David A. Bronner, a senior partner in the Corporate, Securities & Finance Department of Ungaretti & Harris LLP, acted as an expert witness in a recent Tennessee case that is on the leading edge of a flood of anticipated litigation in the M&A field. Mr. Bronner testified for UBS (after being selected by UBS’s legal counsel, Latham & Watkins) on the scope of one of the carve-outs to the definition of material adverse change. The court agreed with Mr. Bronner’s opinion.
The case arises from Genesco’s attempt to force The Finish Line to close on the proposed acquisition of Genesco and for UBS to fund a large part of the purchase price of the acquisition.
Two major issues were addressed in the case:
- first, whether Genesco had suffered a material adverse change; and
- second, whether one of the carve-outs from the material adverse change would nevertheless require The Finish Line to complete the acquisition of Genesco.
Material Adverse Change Decision In contrast to decisions in other jurisdictions, the Tennessee court found that Genesco had suffered a material adverse change, even though Genesco’s financial downturn had been relatively brief. This was the case even though The Finish Line is a strategic buyer of Genesco, which normally raises the bar for a finding that a material adverse change has occurred.
Carve-out From Material Adverse Change As is common in many merger agreements, Genesco had negotiated a number of carveouts from the definition of a material adverse change, including “changes in the national or world economy or financial markets as a whole or changes in general economic conditions that affect the industries in which Genesco conducts its business....” The Tennessee court concluded that general economic conditions, including higher gasoline, heating oil and food prices, housing and mortgage issues and increased consumer debt loads had caused the downturn in Genesco’s results. Therefore, The Finish Line and UBS could not walk away from the deal on the grounds of the material adverse change in Genesco’s business.

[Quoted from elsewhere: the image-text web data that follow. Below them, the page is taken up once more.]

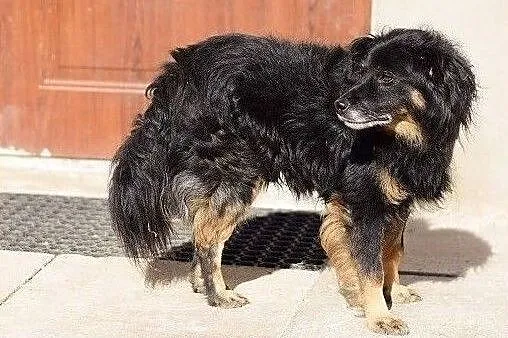 Spokojny,lagodny,grzeczny,cudem odratowany psiak TAPIŚ.Adopcja., Małopolskie, Kraków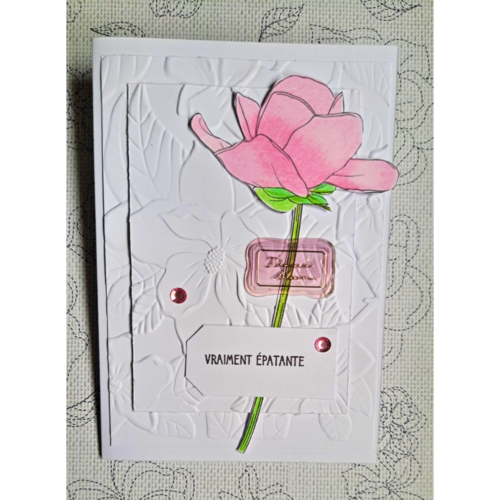 Carte message positif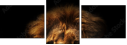 57644723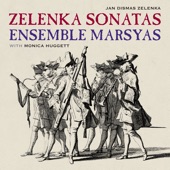 Zelenka: Sonatas artwork
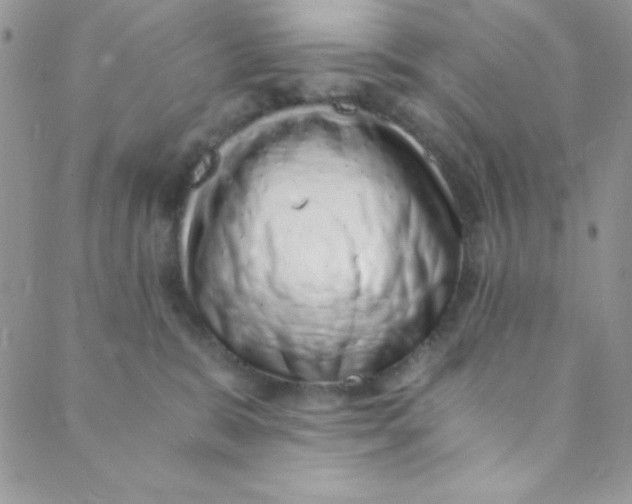 X0000088840327200707051454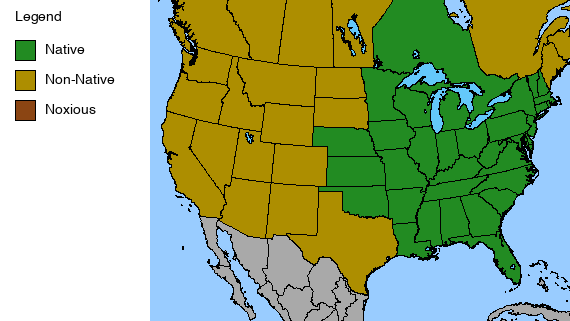 Sweet Joe Pye Weed Plant - Eutrochium purpureum - 2" Plug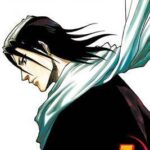 Bleach, Vol. 7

Two important lessons can be drawn from this case. First, a substantial downturn in the operations of a company, even if it is relatively short in duration, can be sufficient to be a material adverse change, especially in the context of a highly leveraged transaction where a buyer is dependent on ongoing cash flow to satisfy debt and grow the merged company. Second, all carve-outs from the definition of material adverse change should be closely reviewed. Otherwise, a buyer could be compelled to purchase a company whose value has substantially diminished.